相方が風邪をひいてダウンしていた時のことです。
家の固定電話が鳴りました。
普段はうんともすんとも鳴らないどころか、たまにかかってきたかと思えば「高価買取致します!」の電話だったりするので、もはや固定電話なんていらんなぁと思いつつ、何となく契約を解約するのも面倒という理由で、家の固定電話がほこりまみれになっているのです。
そんな家の固定電話が鳴りました。
もちろん、用心深い相方のことです。受話器なんてとりません。留守番電話にしてあるので、相手が何か言うのを待つのです。
「あのー、宮田先生でっか?今日は欠席したいんですけど……」
そして、留守番電話の録音が終了。わけがわかりません。
とりあえず、放っておいたのですが、次の日にも電話がかかってきました。
「あのー、宮田先生でっか?今日は予約お願いしたいんですけど……」
昨日と同じ人のようです。お断りしておきますが、うちの相方は宮田先生ではありません。あまり自信たっぷりに言うことでもありませんが、とにかく宮田先生ではないのです、たぶん。

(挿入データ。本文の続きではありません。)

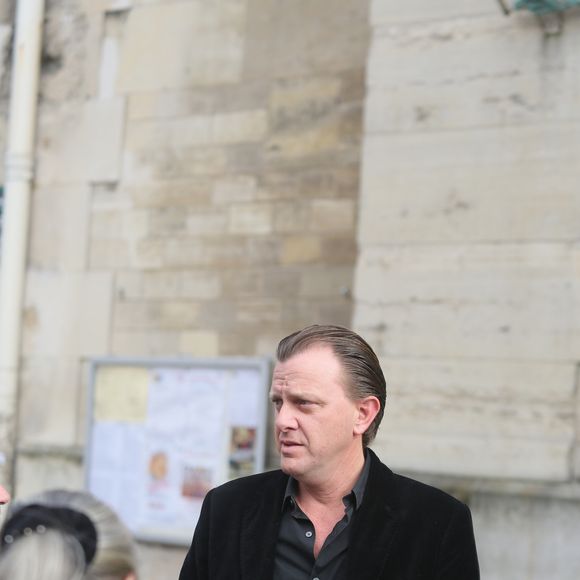 Claude François Junior lors de la messe hommage à Claude François en l'église Notre-Dame d'Auteuil à Paris le 10 mars 2018.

あまりにも「宮田先生」が続くので、相方は意を決して、相手に電話を入れたそうです。風邪をひいていて声が出ないというのに。健気なことです。
「……もしもし」
「宮田先生でっか!」
「いや、違うんですけど……」
「でも、宮田先生の電話ですやん。」
「???」
よくわからないことになっています。
「すいませんが、どちらにおかけですか?」
間違い電話のときは、相手がどこにかけたいのかを確認するのが最良の方法だったりします。
「◯◯◯の◯◯◯◯ですけど。」
うちの電話番号です。普通なら「こちらは◯◯◯の△△△△ですから、お間違えですよ。」と相手を諭してあげることができるのですが、相手がまるっこうちと同じ番号を口にしてきた場合は少々ややこしくなります。
「うちは◯◯◯の◯◯◯◯で同じ電話番号ですけど、宮田ではありません。」
「でも◯◯◯の◯◯◯◯ですよね?」
「そうですけど、宮田先生じゃないんです。」
「そんなら、宮田先生の電話番号は◯◯◯の◯◯◯◯じゃないの?」
知らんやん。相方の脳裏にはこの言葉がはっきりと浮かびました。風邪で声がでないというのに、親切心を出した結果が、宮田先生堂々巡りです。実に不憫。
「いややわぁ、宮田先生の電話番号やないなんて。」
知らんやん。
すったもんだの末、どうにかこうにかこちらが宮田先生ではないということだけは理解してもらえたのか、もらえなかったのか、相手のことはわかりませんが、電話を切り、すぐに着信拒否にしました。うちは宮田先生ではない。合掌。